Whitewashing the ML fence

One of the reasons behind some of the scepticism towards ML is the popular perception that this form of education leads to an over-reliance on the very resources that make it possible. Students, some argue, are reaching a stage where they aren't able to achieve anything for themselves without the use of their smartphone or tablet.


On one end of the spectrum, there are those who argue with horror that modern pupils do not bother to learn facts any more, because they can simply google anything up on the spot if and when they need the information. The implications are that ML students don't really know anything themselves -- they just know where to find someone (usually in the form of a digital resource) who does know.

On the other end of the spectrum, there are those who don't see a problem with the idea of not learning facts. We don't memorise all our friends' phone number or all the times and venues of the meetings we need to attend this month (we simply use a calendar or a diary to remind us), so why should education be any different?

Tom Sawyer whitewashing the fence.

When the problem is approached from a pedagogical point of view, most people take a middle ground. In many ways, developments in ML do not challenge modern attitudes to teaching -- in fact, they complement approaches to pedagogy that were already well established way before tablets and mobile phones were around.

In the 1960s, there was a radical change in instruction strategy: a shift from test-driven transmission teaching (conceived as a top-down, mental transfusion from the teacher to the pupil) to exploratory, hands-on and problem-centred approaches. The maxim became: learning is not the same as memorising. Encouraging students to develop useful learning skills became more important than hammering raw data into their brains. Aspects like observation, critical thinking and communication started making their way to the top of the curriculum.

This led to decades of debate among educational researchers. People like Paolo Friere and John Dewey argued against rote learning and for an active, dialectical, student-centred approach, while E.D. Hirsch, Jr. argued against what he termed their naturalist perspectives and for the core root of facts necessary for domain specific knowledge. Today, most teachers see these apparently conflicting positions as two sides of the same coin -- complementary aspects of the learning process. Developing knowledge is still an important part of education, but learning to develop that knowledge and what to do with it (i.e. the 4 Cs -- critical thinking, creative thinking, communicating, and collaborating) is also crucial. This aspect of education is what educational researchers call 'learning skills'.

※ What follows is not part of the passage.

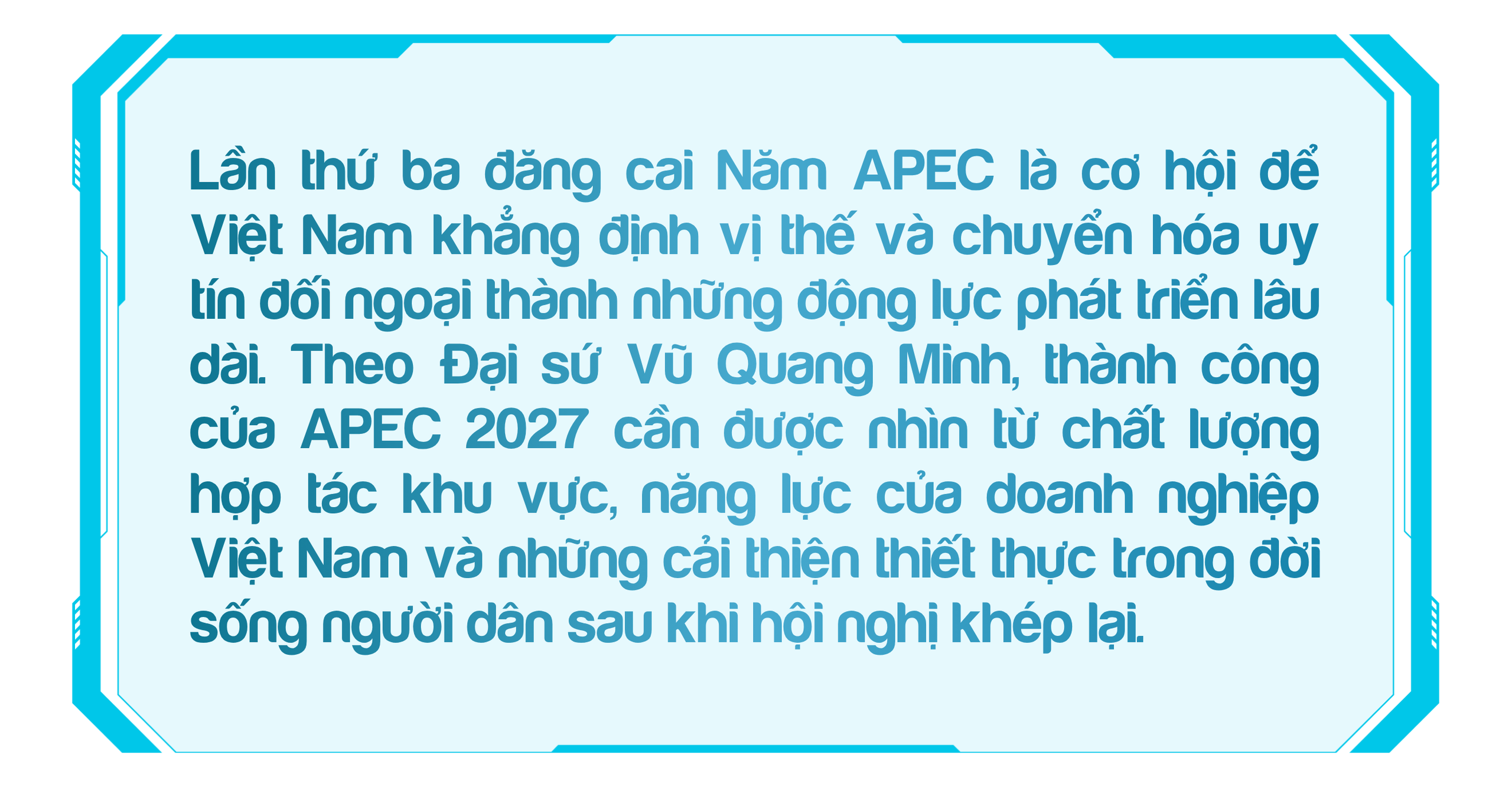 Đại sứ Vũ Quang Minh: APEC 2027 là dịp quan trọng để chứng minh năng lực Việt Nam - Ảnh 1.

As well as providing access to online repositories full of facts, ML resources allow students to develop a broad range of transferable learning skills as they classify, analyse and evaluate content (assessing the reliability of particular online resources, collating useful data from a range of platforms and learning how to adequately reference online and offline materials); they participate in problem solving activities; imagine, design and create their own resources; and collaborate with groups of people, setting goals and exercising team building skills.


Although ML is a very young field in education, its underlying principles are  not a radical departure from the teaching methods that educational researchers have been developing since the 1960s. Contrary to popular perception, in many ways ML complements and extends a long established pedagogical tradition.